It’s not just a matter of deliberately misspelling words and phrases, either. Take “Shrinky Dinks,” the 1970s children’s toy which would shrink in the oven. However, anti-Semites have started using it as a euphemism for Jewish people, invoking the use of the Nazis’ use of ovens in the extermination camps of the Third Reich.

This all sounds very well-meaning until you look at a graphic included in the article which identifies some of the words they say are “strongly identified with hate speech.”

Do you think this technology sets a dangerous precedent?

Some of them are probably guessable: “hate” is an obvious one, as are “Jew,” “race,” “black,” “white,” that sort of thing.

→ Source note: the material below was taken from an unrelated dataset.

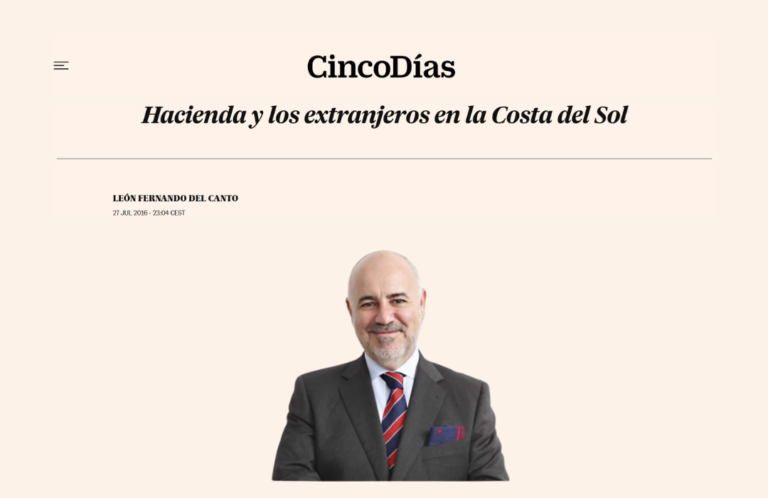 Tax Policy and Foreign Investors on the Costa del Sol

Some, however, seem more of a problem if they’re integrated into a wider system of social media speech suppression. For instance, “people,” “culture,” “country” and “nation” are included, as is the f-word. And speaking of problem, “problem” is also included.

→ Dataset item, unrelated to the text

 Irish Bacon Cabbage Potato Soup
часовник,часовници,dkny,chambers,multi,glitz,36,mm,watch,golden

Aside from loving an explanation on that last one, this is, well, a problem. The terms “country” and “nation” seem to indicate that the system has an explicit bias not only toward nationalism but toward the very concept of a country; apparently, Westphalian sovereignty is now potentially hateful. Careful what phrases you post on social media when you realize the import of this, as you might end up using another potential hate-speech word which begins with the sixth letter of the alphabet.

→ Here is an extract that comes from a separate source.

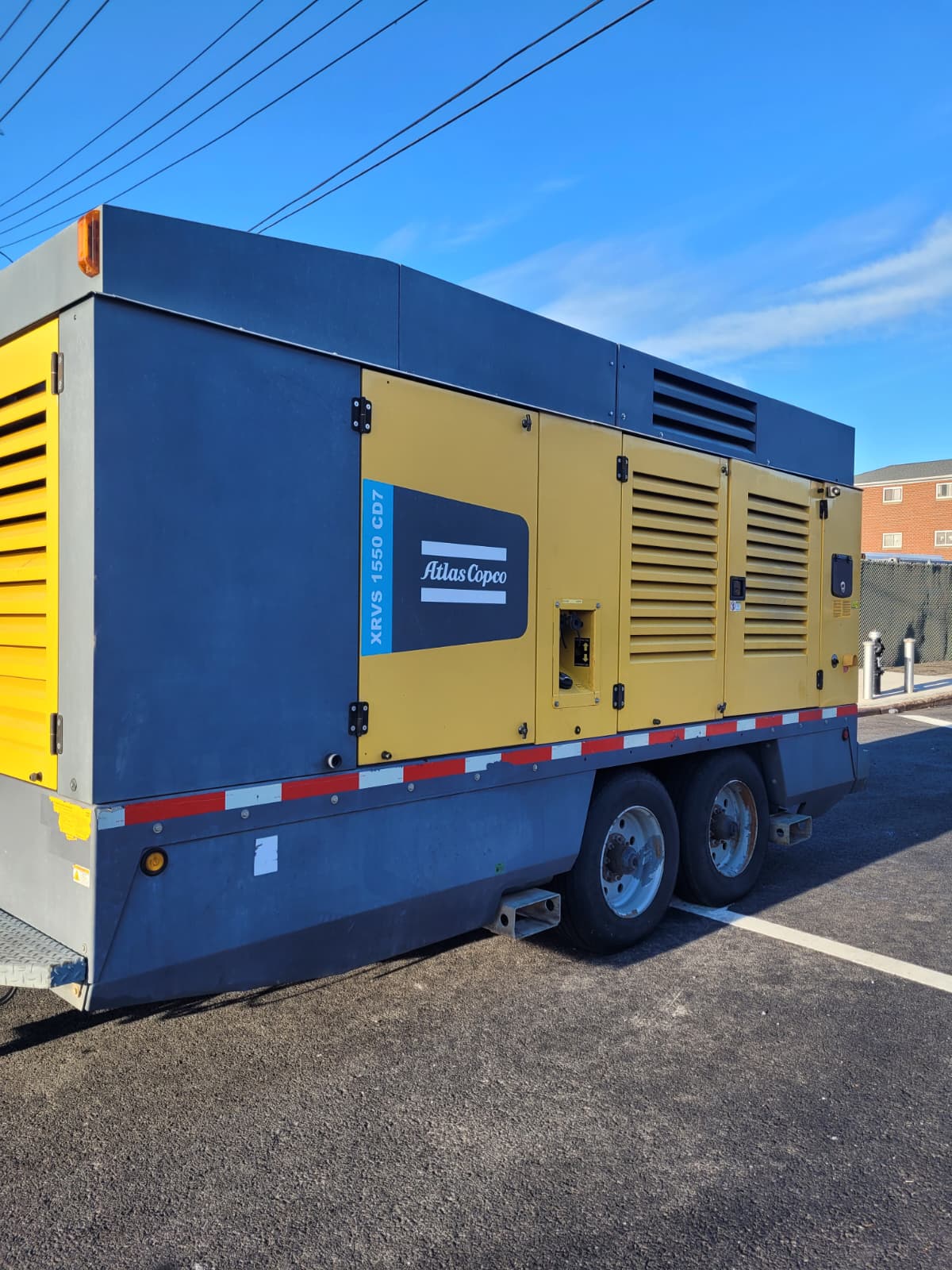 2017 Atlas Copco XRVS1550 CD7 Towable Air Compressor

And then there’s the problem of what social media companies consider hate speech and how it might differ from what you do. For instance, “misgendering” a transgender person can now get your account shut down on Twitter. These are the eventual clients of this technology, and what they want it for won’t be just for the kind of anti-Semitic trolls evoked by article in the alumni magazine. If your religious or scientific beliefs don’t necessarily jibe with, say, au courant theories on transgenderism, this is probably going to end up with you caught in its wide net, as well.

But, of course, the developers are distancing itself from the idea that creating the technology to remove what that technology considers hate speech from social media would actually be tantamount to actually removing it.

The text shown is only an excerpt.